A quality assurance device for the accuracy of the isocentres of teletherapy and simulation machines

Abstract
A new quality assurance device has been designed to measure the location and wobble of the radiation isocentre of linacs and simulation machines as a function of gantry rotation. The radiation isocentre is the intersection in space of the central x rays of a linac or simulation machine at different gantry angles. Six radio-opaque markers 1 mm in size are embedded in a radio-transparent calibration object (specifically, a hollowed cube) in such a way that the markers are non-coplanar and uniquely identifiable in radiographic projections. The projective radiographs are obtained on the films held by the film holder attached to the gantry during the QA procedure. The marker positions of the calibration object define a known 3D reference frame, and their image positions on each radiograph determine the projective (3D to 2D matrix) transformation for that radiograph.

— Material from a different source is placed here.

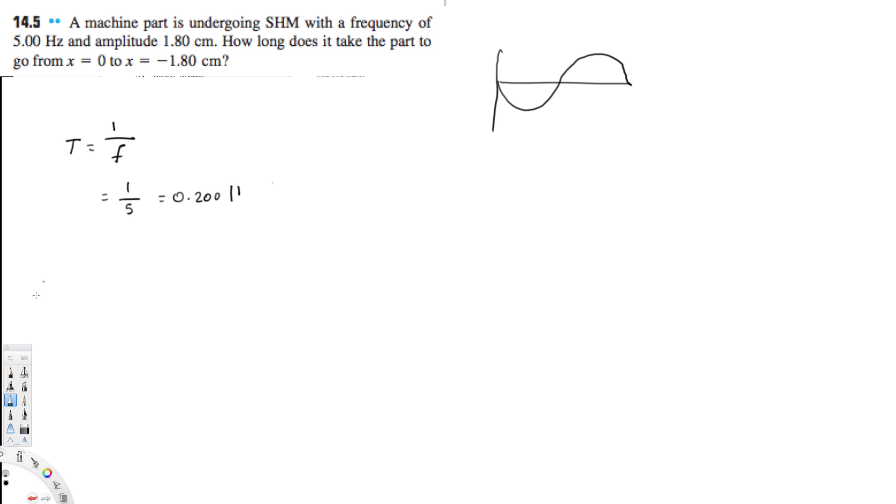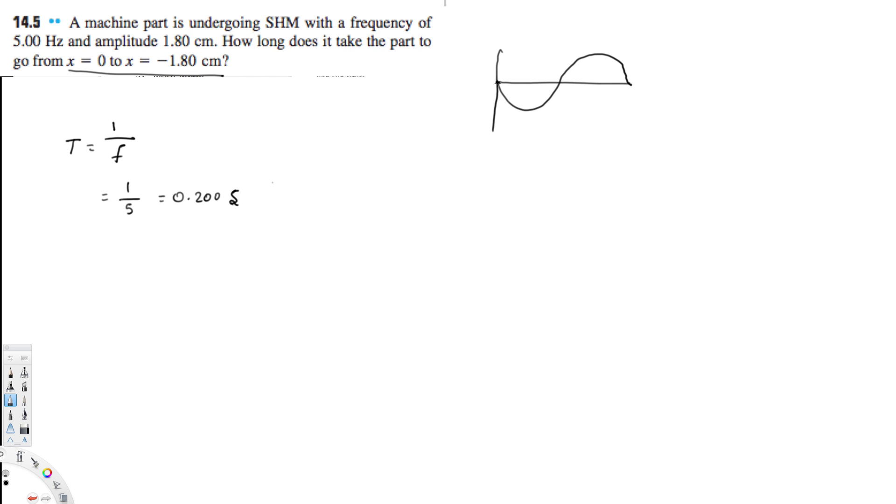We have the period right now, but they are asking for this distance. So from 0 to here is the amplitude. Since they have given the amplitude as 1.80 centimeters, this is negative amplitude and this is the time we have to find.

Once the transformation is found, a 3D ray from the radiation source to any radiograph pixel becomes known. The radiographic pixels are coordinated (positioned and scaled) with respect to the projected image of radio-opaque fiducial cross-hairs fixed to a block tray and thus to the gantry. We select the central ray to correspond to the radiographic pixel whose rays at different gantry angles intersect in the smallest spatial domain. That pixel is found by a spiral search in the radiograph outward from the image of the radio-opaque cross-hair intersection. The wobble of the isocentre is defined by the set of points (on the central rays) at closest approach to the isocentre. The device was tested and compared with commercially available QA devices. It is able to locate the isocentre to within 0.5 mm. The offset of this derived radiation isocentre from the intersection of the positioning lasers can be found. To do this, the calibration object is initially placed so that the laser intersection point falls on a seventh radio-opaque marker near the centre of the hollow cube calibration object. The seventh marker is embedded in a thin radio-transparent rod that diagonally spans the hollowed space.